Sebagai muslim kalau mau berfikir kritis, harusnya malu membuang
sampah di sembarang tempat karena sebaik-baik teladan Rasulullah s.a.w berpesan
dalam sabdanya, “Iman itu tujuh puluh cabang lebih atau enam puluh cabang
lebih; yang paling utama adalah ucapan “la ilaha illallah” dan yang paling
rendah adalah menyingkirkan rintangan (kotoran) dari tengah jalan, sedangkan
rasa malu itu (juga) salah satu cabang dari iman.” (HR. Muslim).
Perhatikan hadist ini, kalau saja membuang sampah adalah
cabang iman yang paling rendah maka bagaimanakah keimanan orang yang justru mengotori
?, bukankah keberadaan sampah menjadi mudharat bagi diri sendiri dan orang lain?.

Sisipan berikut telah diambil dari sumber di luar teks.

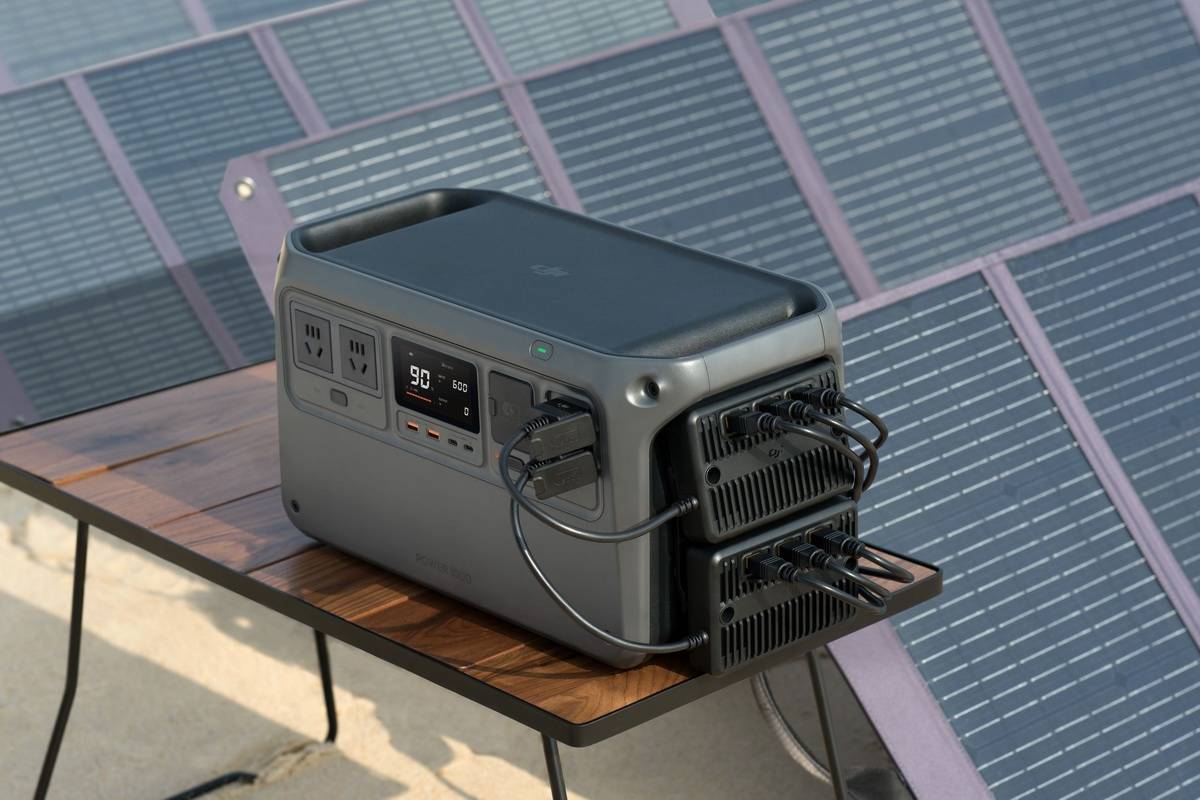 DJI大疆发布2200W户外电源，双PD3.1，支持无人机电池快充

Dengan tidak memperhatikan kebersihan, lingkungan menjadi kotor. Dari kotoran
itu, timbul berbagai penyakit yang merugikan banyak orang. Nah seharusnya, bagi
pelaku yang tidak peka dengan kebersihan perlu kiranya mendengar sabda
Rasulullah s.a.w " لا ضرر ولا ضرار” karena ia tidak hanya merugikan dirinya
sendiri tapi juga merugikan orang lain.
Kebersihan merupakan permasalahan yang seharusnya diperhatikan.
Mari kita lihat Negara-Negara maju, sejauh mana mereka memperhatikan kebersihan
di negri mereka. Lihatlah bertapa tingginya kesadaran mereka akan pentingnya
kebersihan, mereka membuat berbagai macam peraturan agar tercipta lingkungan
yang bersih, mereka tidak segan-segan mengeluarkan biaya yang begitu besar agar
lingkungan mereka tetap terjaga kebesihanya.

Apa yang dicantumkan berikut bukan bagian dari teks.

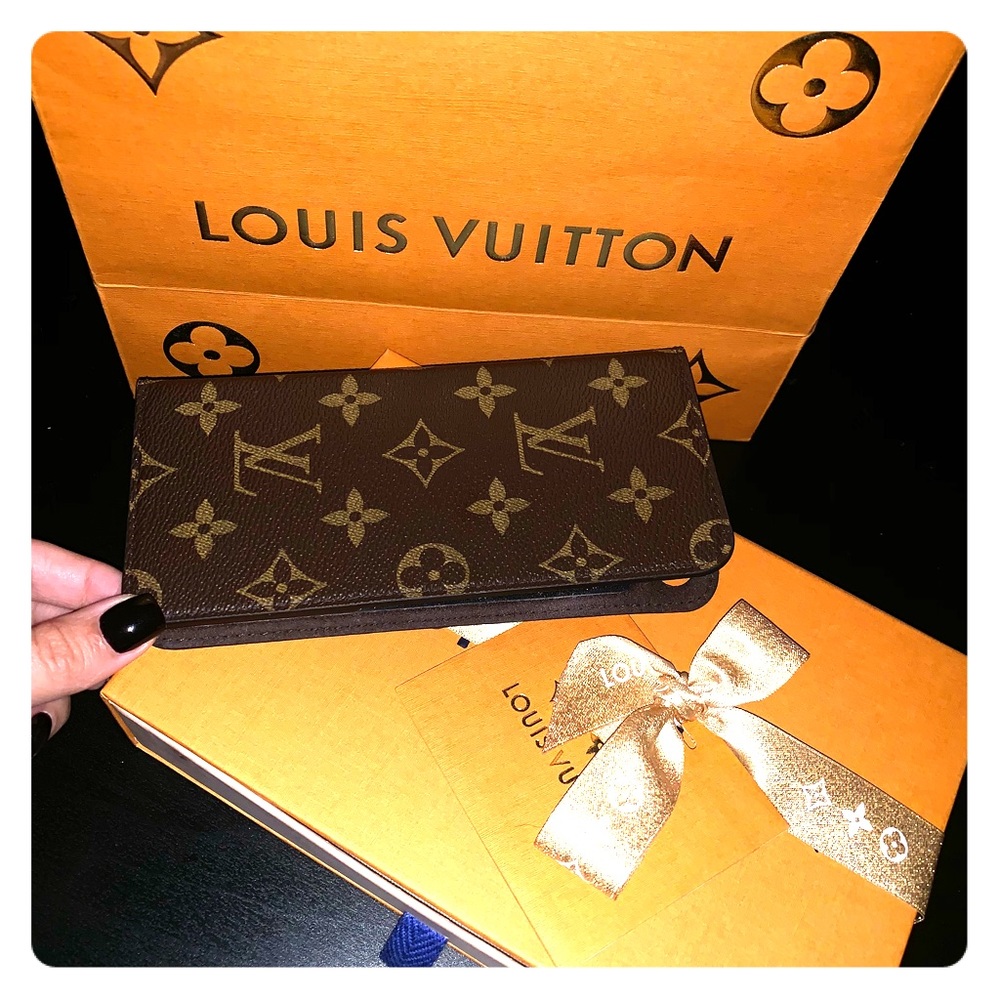 ❌SOLD❌ AUTHENTIC Louis Vuitton iPhone Folio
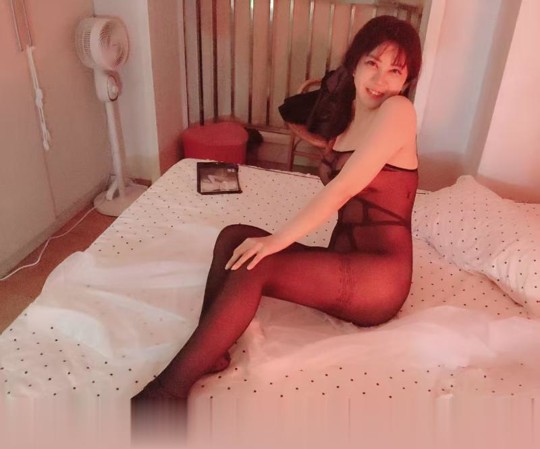 火辣性感翘臀小娇妻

Kita tidak perlu jauh mengambil
contoh, di negri jiran misalnya, tepatnya di Tawau (kota kecil di perbatasan
Kalimantan Utara), sangat memperhatikan kebersihan. Jika sempat berkunjung ke sana, seseorang tidak akan berani dan bahkan
malu membuang sampah di sembarang tempat. Penataan kota itu dibangun begitu
rapi, tempat sampah dijumpai di setiap sudut, parit-parit di bentuk sedemikian
rupa sehingga peluang air tergenang sangatlah kecil, tidak dijumpai serakan
sampah tercecer walau hanya sepuntung rokok.
Padahal motivasi mereka melakukan semua itu bukan atas
dasar ibadah, tetapi sekedar karena mereka cinta kebersihan dan keindahan.

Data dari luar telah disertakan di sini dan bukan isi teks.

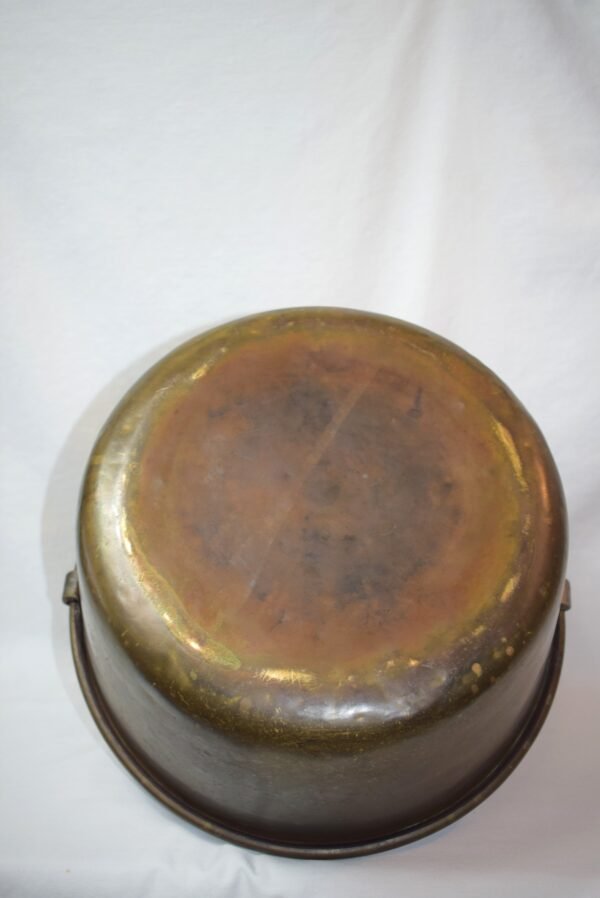Large Unmarked Rustic Brass Pot Bucket Basket With Iron Handle - Image 6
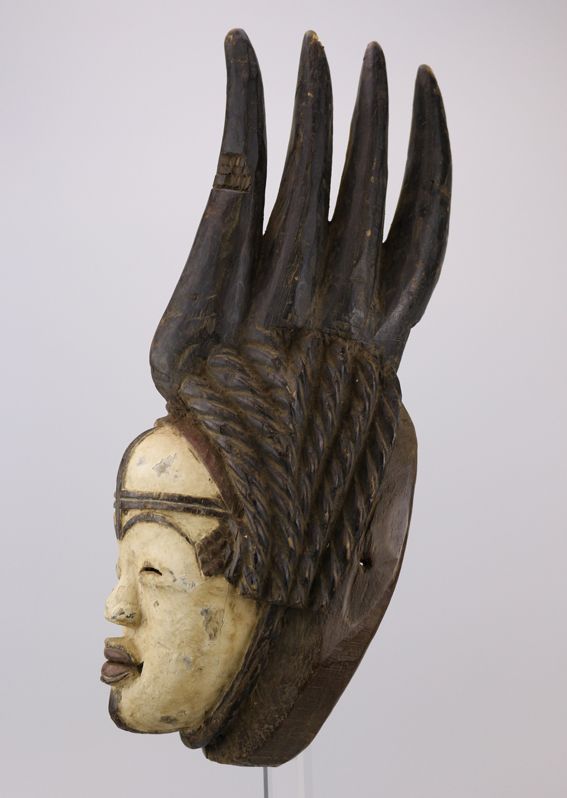 Null Un exceptionnel masque PUNU (Gabon) doté d'une remarquable coiffe sommitale&hellip;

Agama islam menaruh perhatian sangat tinggi terhadap kebersihan, tidak saja
melihat kebersihan itu sebagai suatu keindahan, tetapi juga melihatnya sebagi
ibadah dan kewajiban yang menjadi syarat diterimanya sebuah ibadah. Itulah
sebabnya hampir disetiap kitab Fiqh para ulama, pembahasan awalnya
selalu dimulai dengan thaharah (bersuci).
Tujuan dimulainya pembahasan tentang thaharah, selain
agar ibadah yang kita lakukan diterima oleh Allah swt, juga agar kita sadar bahwa Islam memiliki ajaran dengan
topik kebersihan yang amat lengkap. Islam tidak saja berbicara kebersihan
lahiriyah tetapi juga kebersihan hissiyah.
Islam memberikan prioritas pada masalah kebersihan dengan
istilah “ Thaharah ” sebagai wujud nyata dari usaha membina dan menciptakan
suatu keadaan yang baik di bidang kesehatan, menyehatkan lingkungan hidup
manusia, terutama lingkungan fisik, tanah, air dan udara. Hidup bersih
hendaknya menjadi sikap masyarakat Muslim, karena hidup bersih merupakan tolak
ukur dari kehidupan Muslim.
Namun dalam aspek perilaku, masyarakat Muslim belum semua
mengaplikasikan dalam kehidupan real mereka sebagaimana yang dikehendaki
ajaran Islam itu sendiri. Tidak heran bila orang lebih mengenal dan lebih
menyanjung kebersihan di negara-negara maju yang notabene mayoritas non-Muslim alias
kafir. Padahal sekiranya masyarakat muslim menerapkan apa yang di ajarkan oleh Islam
termasuk dalam hal menjaga kebersihan maka tentu hasilnya jauh lebih mengagumkan
dari mereka karena terhimpun dua dimensi sekaligus yaitu dimensi Ibadah dan
sosial.
Karena itulah, hidup bersih dan mencintai kebersihan
merupakan suatu kewajiban yang bukan sekedar slogan atau teori belaka, melainkan
pola hidup muslim, dan karena bersih itu indah dan Allah Azza Wa jalla
mencintai keindahan.
Jadi mulai hari ini dan tidak menunggu besok, tanamkan
tekad dalam diri untuk menjadi muslim yang peduli dan cinta kebersihan, menjaga
lingkungan dan tempat tinggal agar tetap bersih dan indah. Melakukan tindakan
preventif terhadap siapa saja yang akan mengotoriya. Mulailah dari diri
sendiri, di lingkungan tempat tinggal anda. Katakan pada harimu “Alhamdulillah
aku sangat berbahagia mengawalimu dengan Ibadah dan menjaga kebersihan”.